Data for analysis:

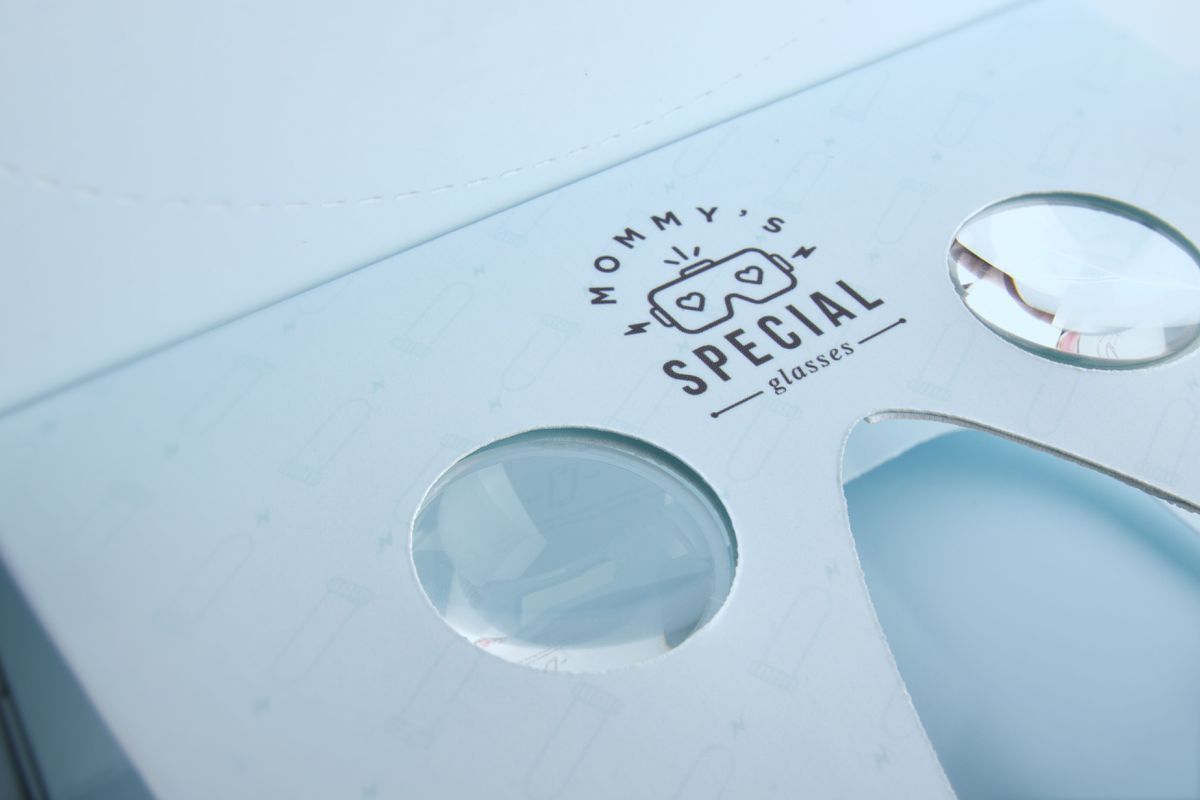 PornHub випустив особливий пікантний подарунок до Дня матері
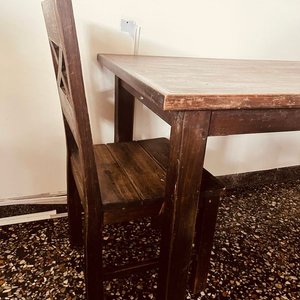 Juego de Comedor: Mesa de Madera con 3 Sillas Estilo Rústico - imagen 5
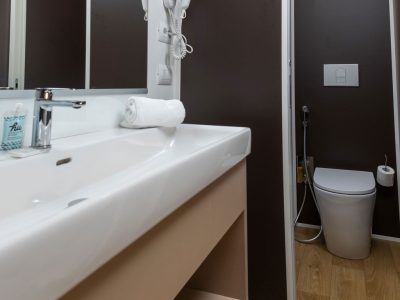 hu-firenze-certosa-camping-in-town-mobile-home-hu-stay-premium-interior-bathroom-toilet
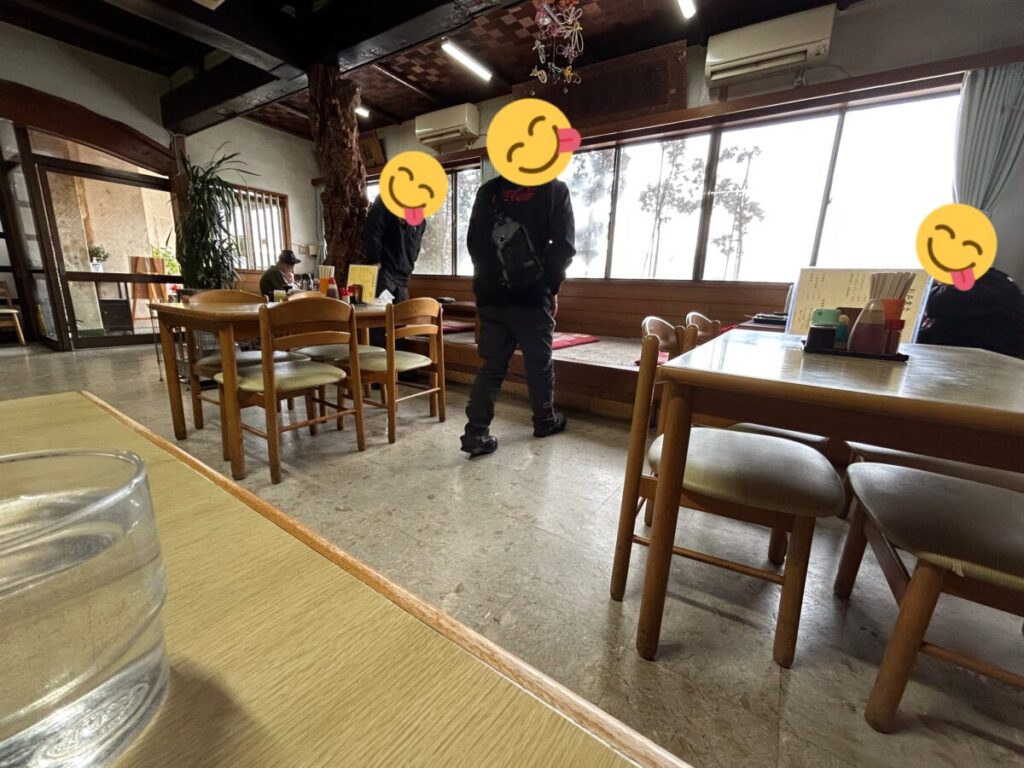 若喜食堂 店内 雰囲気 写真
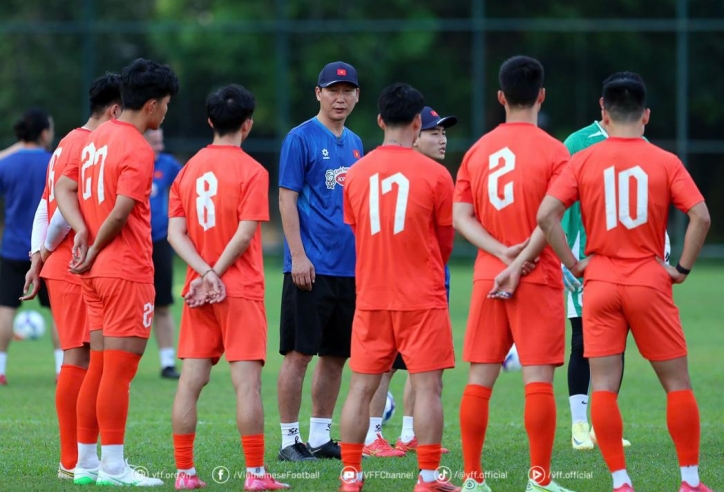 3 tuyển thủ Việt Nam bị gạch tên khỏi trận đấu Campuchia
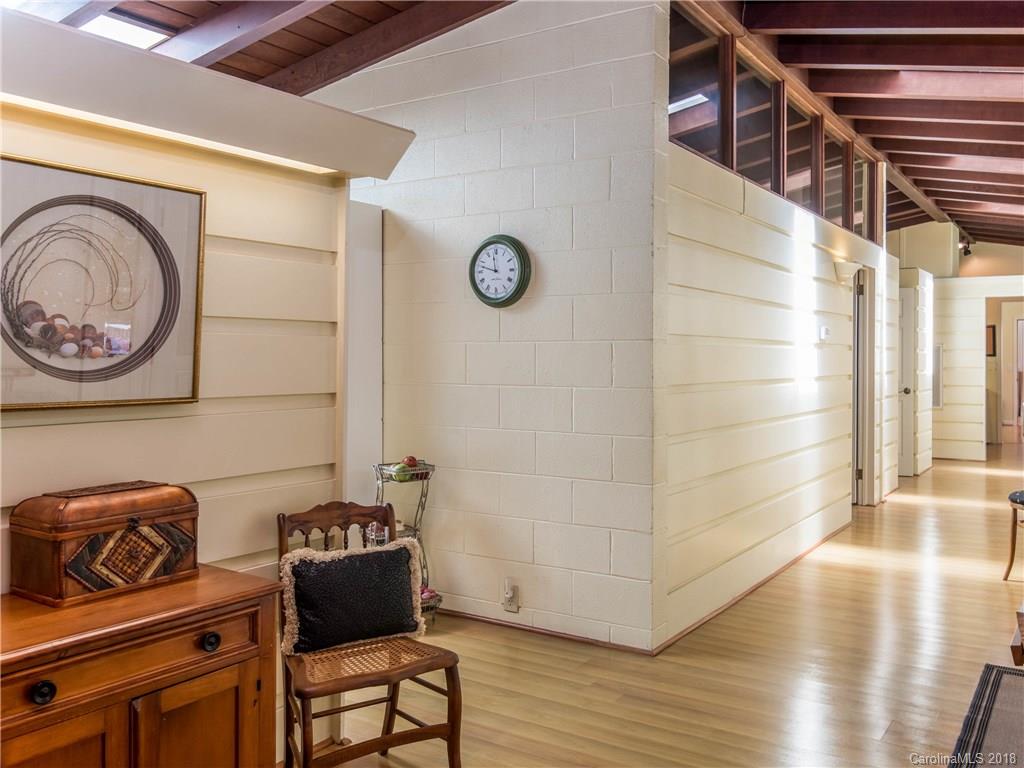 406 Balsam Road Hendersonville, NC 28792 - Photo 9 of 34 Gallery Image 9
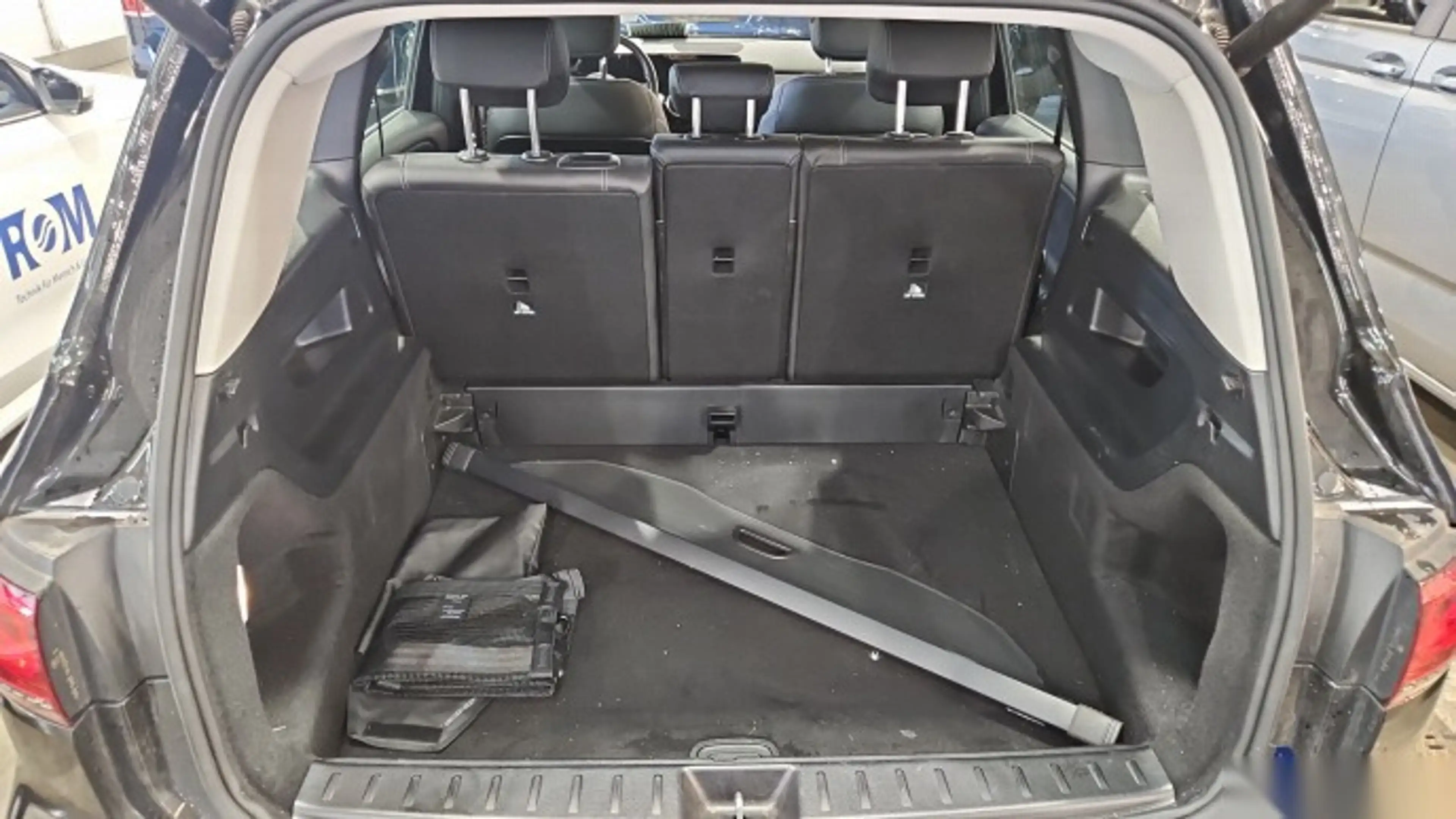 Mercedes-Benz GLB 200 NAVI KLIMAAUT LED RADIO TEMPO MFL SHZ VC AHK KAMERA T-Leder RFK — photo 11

Instructions for the task: Every last line above must be reproduced as written, and no pictures belong in the copy.

Answer space:
 PornHub випустив особливий пікантний подарунок до Дня матері
 Juego de Comedor: Mesa de Madera con 3 Sillas Estilo Rústico - imagen 5
 hu-firenze-certosa-camping-in-town-mobile-home-hu-stay-premium-interior-bathroom-toilet
 若喜食堂 店内 雰囲気 写真
 3 tuyển thủ Việt Nam bị gạch tên khỏi trận đấu Campuchia
 406 Balsam Road Hendersonville, NC 28792 - Photo 9 of 34 Gallery Image 9
 Mercedes-Benz GLB 200 NAVI KLIMAAUT LED RADIO TEMPO MFL SHZ VC AHK KAMERA T-Leder RFK — photo 11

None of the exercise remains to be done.